The HWHAMA held meetings in the Gadda in 2007. No new constructions were allowed. Licences would not be renewed.
“They gave us false assurance. They said they would help organise the Gadda and help the businesses,” says Krishna Prasad. “Suddenly we became illegal.” Guesthouse owners from Gadda have taken the matter to the High Court in Bangalore.
He calls her Saraswati Aunty. He says she inspired him.
1991Krishna Murti didn’t want to be a farmer. His father wanted him to do more
with his life. He was a B.Com graduate and his brother had studied engineering.
But jobs were difficult to come by then. Working the fields that year wasn’t an
option. He said the drought had sealed his fate.
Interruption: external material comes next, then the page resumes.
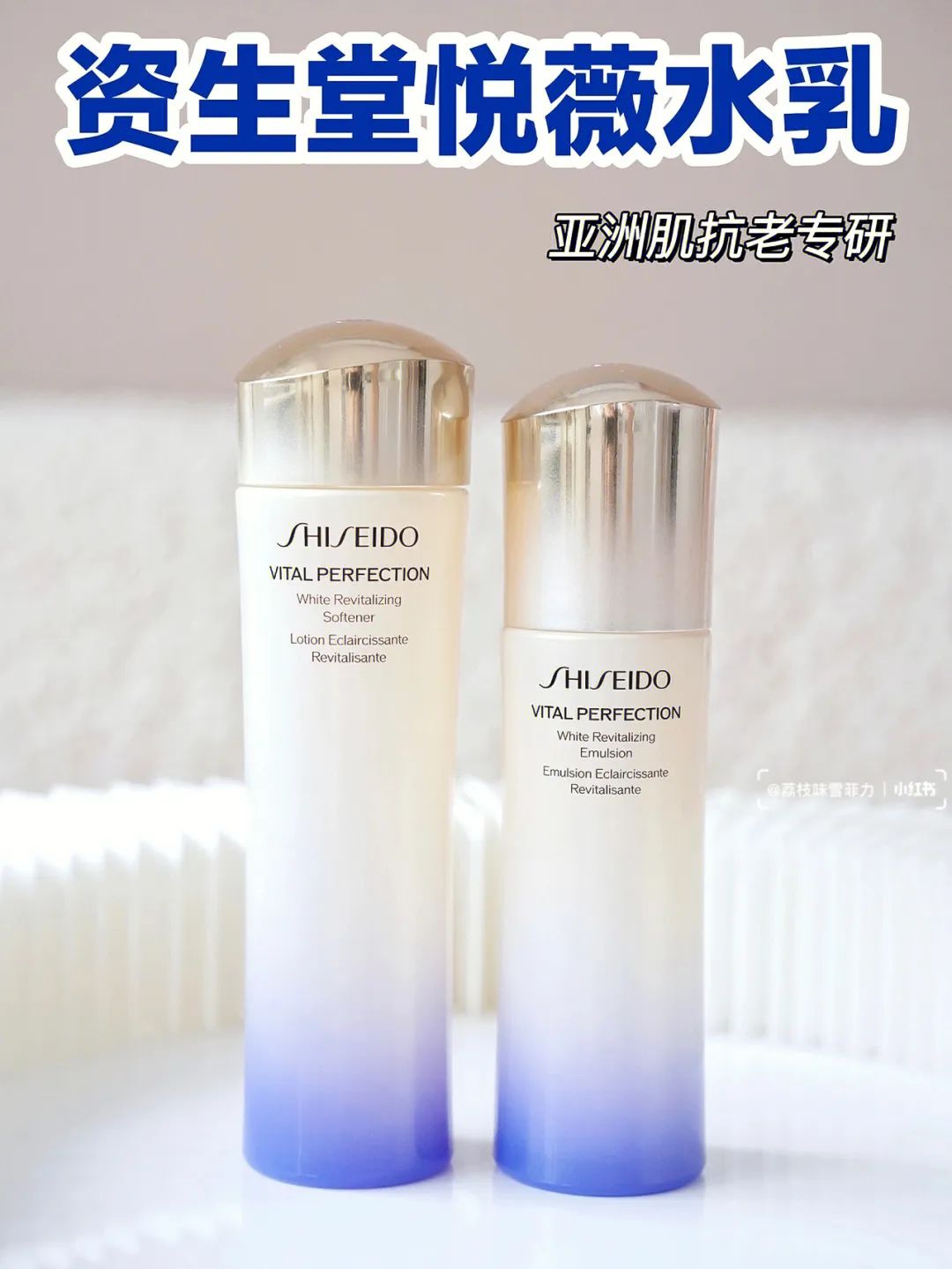 好物推荐日本药妆,日本的这些好物你都用过吗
The brothers decided to open a small restaurant. The opening coincided with the shooting of China Gate, a Hindi film set in Hampi. Set material was up for sale and Krishna Murthy bought plywood. With this he made the Gadda’s first hut. Like the ones in Goa.

He called his guesthouse Shanti. The plywood is long gone and has been replaced by mudrooms. Each has a swing on its patio. Krishna’s older brother continues to farm the four acres in front of the rooms. When the river swells you can see it from the swing and in the horizon the top of Virupaksha Tower cuts the sky.
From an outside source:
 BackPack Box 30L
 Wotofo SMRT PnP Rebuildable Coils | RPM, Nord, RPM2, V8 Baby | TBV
Shanti was the second guesthouse. In 1992 there were only three rooms. Now there are 38 mud huts. HWHMA had drawn up a Master Plan to manage the World Heritage site. It states “the entire Virupapura Gadda is characterised by illegal resorts/hotel/lodging activities. These developments are leading to immoral and anti-social activities adversely affecting the World Heritage site.”
“It’s nonsense,” he says. Krishna Murti was one of the few who had managed to convert the land to commercial use. He paid taxes but then even his license was revoked. He is also fighting a case in the High Court. “They want us to become farmers again, because that is the image they want to promote,” he says.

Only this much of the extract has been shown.